Исса Костоев: Лену Закотнову, убийство которой повесили на Кравченко, в 1978 году убил Чикатило. Впервые об этом мне рассказал сам Чикатило. Закотнова была его первой жертвой. О таком убийстве следствие ничего не знало, а если бы знало, то преступная деятельность Чикатило пресечена была бы намного раньше. Немногие знают, что Чикатило именно по этому эпизоду оправдали. Конечно, если исключить из 55 убийств одно, два и даже 10, сути дела это не меняет — всё равно расстреляли бы. Но важно то, что его можно было поймать ещё на том убийстве. Это самое печальное. К нему подошли совсем близко, опрашивали его жену, ещё несколько шагов оставалось. Но тут появился Александр Кравченко — он проживал недалеко от места обнаружения трупа, так ещё и был судим ранее за изнасилование. Всё просто — арестовали, систематически избивали, устраивали насилие над ним, и он сознался. Ему смерть — а кому-то «благополучно раскрытое» тяжкое преступление.
— Моё сердце болело, когда я читал жалобу Кравченко в президиум, он писал: «Наступит день, когда всем вам будет стыдно за мою безвинно погубленную жизнь!». 40 листов написал — как издевались, как мучили его. Если меня на том свете спросят, почему так случилось, я не смогу найти этому оправдания. Я знаю, как чувствует себя человек, совершивший тягчайшие преступления, в смертной камере, как он сходит с ума от каждого шороха, лязга ключей за дверью. А потом домысливаю, как чувствует себя тот, кто не совершил, а я его приговорили к расстрелу. И он не может доказать государству, что не виноват. Мне тягостно вспоминать о Кравченко. Я послал следователя к его матери на Украину с бумагой — что невиновен он. Она говорила: «Что-то мне сын давно не пишет, я во сне его вижу... он рассказывает, что ему холодно, я ему носки вяжу. Хочу отправить». Представляете — она, бедная, даже не знала, что его казнили.
— В итоге вы доказали Верховному суду, что Кравченко невиновен?
— Верховный суд под давлением убедительных доказательств, которые я представил ему, с третьего захода был вынужден отменить ранее состоявшиеся судебное решение о расстреле Кравченко. Мной было проведено дополнительное расследование. Когда я его завершил, уголовное дело против Кравченко было прекращено. В суд поступило дело об обвинении Чикатило, но примерно через 3 года судом это обвинение было исключено. В итоге дело оказалось подвешенным — убийцы Елены Закотновой документально до сих пор нет.

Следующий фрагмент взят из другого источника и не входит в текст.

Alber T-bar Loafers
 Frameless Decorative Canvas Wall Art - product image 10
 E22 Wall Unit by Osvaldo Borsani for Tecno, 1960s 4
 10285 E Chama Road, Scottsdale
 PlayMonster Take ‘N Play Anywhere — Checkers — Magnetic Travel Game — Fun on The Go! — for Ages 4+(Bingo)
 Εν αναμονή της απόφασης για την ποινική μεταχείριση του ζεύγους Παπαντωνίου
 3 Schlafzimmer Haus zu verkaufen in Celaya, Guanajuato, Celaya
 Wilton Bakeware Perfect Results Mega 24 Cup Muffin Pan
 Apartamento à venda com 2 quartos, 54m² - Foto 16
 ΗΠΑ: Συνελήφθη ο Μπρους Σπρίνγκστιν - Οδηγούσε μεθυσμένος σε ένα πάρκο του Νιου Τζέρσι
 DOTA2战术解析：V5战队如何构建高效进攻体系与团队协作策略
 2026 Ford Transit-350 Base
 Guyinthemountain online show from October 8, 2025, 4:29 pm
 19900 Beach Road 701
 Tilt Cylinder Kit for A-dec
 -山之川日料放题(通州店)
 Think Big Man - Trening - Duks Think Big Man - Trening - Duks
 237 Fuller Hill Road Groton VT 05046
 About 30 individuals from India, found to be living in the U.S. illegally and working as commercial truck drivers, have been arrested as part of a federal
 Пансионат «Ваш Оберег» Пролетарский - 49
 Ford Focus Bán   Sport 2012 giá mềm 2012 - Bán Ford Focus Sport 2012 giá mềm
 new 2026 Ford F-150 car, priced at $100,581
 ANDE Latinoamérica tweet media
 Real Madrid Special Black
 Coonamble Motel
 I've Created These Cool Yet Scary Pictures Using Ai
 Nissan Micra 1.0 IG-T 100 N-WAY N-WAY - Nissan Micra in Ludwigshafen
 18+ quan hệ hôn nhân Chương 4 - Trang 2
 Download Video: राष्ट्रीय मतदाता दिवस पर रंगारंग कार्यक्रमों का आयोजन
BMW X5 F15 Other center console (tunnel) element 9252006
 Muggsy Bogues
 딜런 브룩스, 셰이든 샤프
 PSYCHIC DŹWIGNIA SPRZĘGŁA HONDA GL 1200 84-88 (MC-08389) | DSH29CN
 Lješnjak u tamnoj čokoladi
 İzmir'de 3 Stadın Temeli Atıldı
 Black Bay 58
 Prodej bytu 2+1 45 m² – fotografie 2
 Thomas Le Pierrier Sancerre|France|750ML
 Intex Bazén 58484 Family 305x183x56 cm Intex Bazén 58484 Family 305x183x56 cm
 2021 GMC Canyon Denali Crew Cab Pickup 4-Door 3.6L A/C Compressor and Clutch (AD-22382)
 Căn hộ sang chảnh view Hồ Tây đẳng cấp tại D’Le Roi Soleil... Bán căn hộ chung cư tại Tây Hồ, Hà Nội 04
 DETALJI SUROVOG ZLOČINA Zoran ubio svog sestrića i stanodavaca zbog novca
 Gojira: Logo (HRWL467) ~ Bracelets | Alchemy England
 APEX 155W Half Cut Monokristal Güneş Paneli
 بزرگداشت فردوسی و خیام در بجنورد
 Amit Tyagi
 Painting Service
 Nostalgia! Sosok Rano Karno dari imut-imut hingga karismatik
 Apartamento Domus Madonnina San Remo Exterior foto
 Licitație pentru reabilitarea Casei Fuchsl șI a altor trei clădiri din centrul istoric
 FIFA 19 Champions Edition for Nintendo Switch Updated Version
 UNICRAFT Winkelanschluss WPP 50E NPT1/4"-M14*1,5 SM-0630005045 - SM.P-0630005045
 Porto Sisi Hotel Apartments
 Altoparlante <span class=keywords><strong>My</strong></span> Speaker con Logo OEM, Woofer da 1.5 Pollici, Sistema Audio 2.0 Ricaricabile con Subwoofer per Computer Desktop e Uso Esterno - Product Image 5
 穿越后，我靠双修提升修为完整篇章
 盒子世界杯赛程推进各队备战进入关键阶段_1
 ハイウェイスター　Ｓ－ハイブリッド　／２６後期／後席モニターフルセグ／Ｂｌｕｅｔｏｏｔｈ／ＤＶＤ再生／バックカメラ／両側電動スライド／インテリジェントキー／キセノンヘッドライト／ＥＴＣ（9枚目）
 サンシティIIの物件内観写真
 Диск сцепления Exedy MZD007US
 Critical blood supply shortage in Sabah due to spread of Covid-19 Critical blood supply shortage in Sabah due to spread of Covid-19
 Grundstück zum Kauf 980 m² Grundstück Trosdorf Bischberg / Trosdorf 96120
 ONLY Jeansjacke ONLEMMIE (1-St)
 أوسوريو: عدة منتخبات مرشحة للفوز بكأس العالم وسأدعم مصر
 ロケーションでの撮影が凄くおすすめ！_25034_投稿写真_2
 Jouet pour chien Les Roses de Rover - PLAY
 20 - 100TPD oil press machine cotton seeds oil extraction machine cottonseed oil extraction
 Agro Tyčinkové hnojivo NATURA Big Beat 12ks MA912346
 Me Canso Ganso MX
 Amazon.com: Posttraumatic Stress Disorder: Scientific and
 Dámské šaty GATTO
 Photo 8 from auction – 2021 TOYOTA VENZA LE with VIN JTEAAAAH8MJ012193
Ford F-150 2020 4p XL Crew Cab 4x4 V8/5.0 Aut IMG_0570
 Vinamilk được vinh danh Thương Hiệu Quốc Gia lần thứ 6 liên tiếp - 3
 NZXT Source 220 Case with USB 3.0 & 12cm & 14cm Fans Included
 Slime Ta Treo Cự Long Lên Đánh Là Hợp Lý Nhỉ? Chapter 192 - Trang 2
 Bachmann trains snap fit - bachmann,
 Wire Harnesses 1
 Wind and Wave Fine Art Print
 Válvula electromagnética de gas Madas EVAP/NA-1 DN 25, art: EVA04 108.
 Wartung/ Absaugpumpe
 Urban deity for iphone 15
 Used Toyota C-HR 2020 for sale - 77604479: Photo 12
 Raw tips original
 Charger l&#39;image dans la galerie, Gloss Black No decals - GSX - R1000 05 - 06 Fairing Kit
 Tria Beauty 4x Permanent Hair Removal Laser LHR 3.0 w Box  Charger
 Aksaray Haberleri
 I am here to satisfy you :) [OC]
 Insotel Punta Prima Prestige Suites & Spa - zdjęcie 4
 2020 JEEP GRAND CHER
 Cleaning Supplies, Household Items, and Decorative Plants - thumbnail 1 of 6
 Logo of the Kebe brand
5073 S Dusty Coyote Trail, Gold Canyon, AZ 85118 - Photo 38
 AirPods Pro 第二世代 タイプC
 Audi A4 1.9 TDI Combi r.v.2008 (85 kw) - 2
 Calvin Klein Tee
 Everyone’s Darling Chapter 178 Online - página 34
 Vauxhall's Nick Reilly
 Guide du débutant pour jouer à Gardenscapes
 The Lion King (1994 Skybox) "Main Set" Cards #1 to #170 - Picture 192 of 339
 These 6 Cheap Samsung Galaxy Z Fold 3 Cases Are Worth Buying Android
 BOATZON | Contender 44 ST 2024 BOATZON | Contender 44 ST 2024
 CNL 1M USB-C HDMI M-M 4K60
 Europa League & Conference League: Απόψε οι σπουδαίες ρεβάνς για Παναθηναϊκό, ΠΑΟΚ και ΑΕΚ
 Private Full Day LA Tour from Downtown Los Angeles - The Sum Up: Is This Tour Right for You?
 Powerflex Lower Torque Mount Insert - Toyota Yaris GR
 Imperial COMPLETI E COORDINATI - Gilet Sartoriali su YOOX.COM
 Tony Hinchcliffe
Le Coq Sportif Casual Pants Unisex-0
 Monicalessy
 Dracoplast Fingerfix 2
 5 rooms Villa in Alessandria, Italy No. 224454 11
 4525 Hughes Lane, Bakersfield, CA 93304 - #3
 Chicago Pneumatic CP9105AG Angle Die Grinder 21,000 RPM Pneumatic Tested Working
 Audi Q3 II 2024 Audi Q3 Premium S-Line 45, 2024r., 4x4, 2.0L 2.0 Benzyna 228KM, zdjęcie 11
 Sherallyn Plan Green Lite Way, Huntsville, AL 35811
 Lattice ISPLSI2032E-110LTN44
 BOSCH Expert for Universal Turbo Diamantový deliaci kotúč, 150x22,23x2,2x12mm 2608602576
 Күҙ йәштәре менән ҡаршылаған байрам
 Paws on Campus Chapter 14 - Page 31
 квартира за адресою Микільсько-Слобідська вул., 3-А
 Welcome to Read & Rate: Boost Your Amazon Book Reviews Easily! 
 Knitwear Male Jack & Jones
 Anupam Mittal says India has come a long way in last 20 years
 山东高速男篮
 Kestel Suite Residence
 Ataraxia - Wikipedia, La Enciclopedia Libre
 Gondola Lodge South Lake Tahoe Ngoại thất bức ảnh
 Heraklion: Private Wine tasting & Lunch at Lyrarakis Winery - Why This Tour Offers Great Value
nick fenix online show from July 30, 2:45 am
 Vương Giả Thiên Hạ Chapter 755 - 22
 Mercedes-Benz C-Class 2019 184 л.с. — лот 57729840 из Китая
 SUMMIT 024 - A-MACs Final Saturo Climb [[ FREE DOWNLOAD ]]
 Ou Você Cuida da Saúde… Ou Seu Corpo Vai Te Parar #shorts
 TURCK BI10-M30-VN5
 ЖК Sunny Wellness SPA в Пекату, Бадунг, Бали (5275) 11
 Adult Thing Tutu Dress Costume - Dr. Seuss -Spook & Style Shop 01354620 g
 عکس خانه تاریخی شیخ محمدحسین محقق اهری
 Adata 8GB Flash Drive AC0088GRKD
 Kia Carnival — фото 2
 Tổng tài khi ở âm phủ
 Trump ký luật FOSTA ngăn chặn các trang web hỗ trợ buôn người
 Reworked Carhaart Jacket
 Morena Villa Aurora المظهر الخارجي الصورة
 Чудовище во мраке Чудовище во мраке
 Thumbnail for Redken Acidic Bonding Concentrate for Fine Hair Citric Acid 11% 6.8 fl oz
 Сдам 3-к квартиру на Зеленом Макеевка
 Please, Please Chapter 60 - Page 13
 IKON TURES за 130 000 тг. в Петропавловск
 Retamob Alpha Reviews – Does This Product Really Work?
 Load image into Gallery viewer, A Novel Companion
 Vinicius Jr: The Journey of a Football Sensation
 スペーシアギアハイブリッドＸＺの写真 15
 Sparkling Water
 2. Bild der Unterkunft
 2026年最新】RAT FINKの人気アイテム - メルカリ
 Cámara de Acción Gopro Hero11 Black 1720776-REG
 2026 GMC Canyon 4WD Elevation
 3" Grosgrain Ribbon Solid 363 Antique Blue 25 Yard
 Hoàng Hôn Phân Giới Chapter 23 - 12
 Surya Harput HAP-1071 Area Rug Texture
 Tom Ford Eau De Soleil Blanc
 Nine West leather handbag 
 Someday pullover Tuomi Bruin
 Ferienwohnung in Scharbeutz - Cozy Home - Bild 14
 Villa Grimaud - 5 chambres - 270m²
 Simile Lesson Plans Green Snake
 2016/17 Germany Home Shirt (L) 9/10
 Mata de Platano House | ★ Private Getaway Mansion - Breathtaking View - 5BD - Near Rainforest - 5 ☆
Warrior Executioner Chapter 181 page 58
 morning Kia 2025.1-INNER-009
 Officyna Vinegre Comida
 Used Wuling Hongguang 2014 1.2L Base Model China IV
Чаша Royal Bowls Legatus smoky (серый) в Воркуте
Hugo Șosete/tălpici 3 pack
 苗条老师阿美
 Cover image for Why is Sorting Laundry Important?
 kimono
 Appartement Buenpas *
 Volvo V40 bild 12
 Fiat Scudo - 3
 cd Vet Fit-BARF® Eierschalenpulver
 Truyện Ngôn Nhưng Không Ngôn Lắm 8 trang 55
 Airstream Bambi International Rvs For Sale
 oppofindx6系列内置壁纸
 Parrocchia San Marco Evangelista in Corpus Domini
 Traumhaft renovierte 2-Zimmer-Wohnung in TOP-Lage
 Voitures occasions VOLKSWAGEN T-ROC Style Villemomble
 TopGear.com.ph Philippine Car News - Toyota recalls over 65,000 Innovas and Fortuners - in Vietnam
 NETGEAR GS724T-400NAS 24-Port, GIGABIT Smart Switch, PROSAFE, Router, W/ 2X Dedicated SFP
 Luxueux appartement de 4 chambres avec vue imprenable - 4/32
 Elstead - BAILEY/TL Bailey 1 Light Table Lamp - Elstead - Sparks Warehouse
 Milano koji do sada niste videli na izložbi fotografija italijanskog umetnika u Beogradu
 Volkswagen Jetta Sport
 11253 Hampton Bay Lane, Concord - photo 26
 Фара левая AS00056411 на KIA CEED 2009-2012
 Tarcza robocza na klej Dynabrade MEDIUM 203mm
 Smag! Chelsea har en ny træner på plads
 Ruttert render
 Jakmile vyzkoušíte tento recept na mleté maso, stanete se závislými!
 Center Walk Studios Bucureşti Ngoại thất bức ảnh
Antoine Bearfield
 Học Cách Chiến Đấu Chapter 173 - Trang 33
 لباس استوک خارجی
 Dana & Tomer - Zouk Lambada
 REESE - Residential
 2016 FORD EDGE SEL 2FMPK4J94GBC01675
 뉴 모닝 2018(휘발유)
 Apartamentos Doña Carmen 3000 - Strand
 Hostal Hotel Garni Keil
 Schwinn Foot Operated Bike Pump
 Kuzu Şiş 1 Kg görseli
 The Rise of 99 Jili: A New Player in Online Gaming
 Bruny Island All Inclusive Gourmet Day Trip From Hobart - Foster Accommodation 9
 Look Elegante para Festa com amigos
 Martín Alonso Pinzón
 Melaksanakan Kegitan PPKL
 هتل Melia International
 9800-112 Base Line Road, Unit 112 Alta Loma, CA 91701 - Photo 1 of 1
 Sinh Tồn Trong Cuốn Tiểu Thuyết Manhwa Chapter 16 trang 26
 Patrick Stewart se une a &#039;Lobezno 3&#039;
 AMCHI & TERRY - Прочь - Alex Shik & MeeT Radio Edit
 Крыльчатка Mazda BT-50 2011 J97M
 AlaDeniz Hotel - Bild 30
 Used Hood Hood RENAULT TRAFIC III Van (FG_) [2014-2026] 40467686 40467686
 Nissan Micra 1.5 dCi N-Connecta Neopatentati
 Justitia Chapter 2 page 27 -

«Его нашли с вазелином, верёвкой и ножом и снова отпустили убивать»
До Иссы Костоева Чикатило искали 8 лет. Под его руководством — ещё четыре года. Ещё до приезда Костоева в Ростове арестовали несколько человек, которые, как оказалось, были психически больными. Но местные правоохранительные органы уже сообщили в ЦК КПСС, что дело раскрыто. И только представитель прокуратуры засомневался в виновности задержанных. Казаков доложил о своих сомнениях в центр. Генеральная прокуратура СССР решила отправить на место Иссу Костоева. Так 10 ноября 1986 года он оказался в Ростове-на-Дону. Прибывший из Москвы следователь пришёл в ужас: в области по-прежнему находили трупы жертв. Костоеву пришлось начинать следственную и оперативно-розыскную работу заново.
— С какими установками вы начали участие в операции «Лесополоса»?
— Я постоянно твердил одно и то же работникам — в условиях, когда у нас нет прямых доказательств, искать приходится вслепую, методом исключения. И тут самое страшное, если преступник пройдёт через нас... как и случилось с Чикатило. Он был отработанным, непричастным. В этом была вся беда.
— Как Вы почувствовали свою правоту в отношении Чикатило? Ведь доказательства говорили об обратном.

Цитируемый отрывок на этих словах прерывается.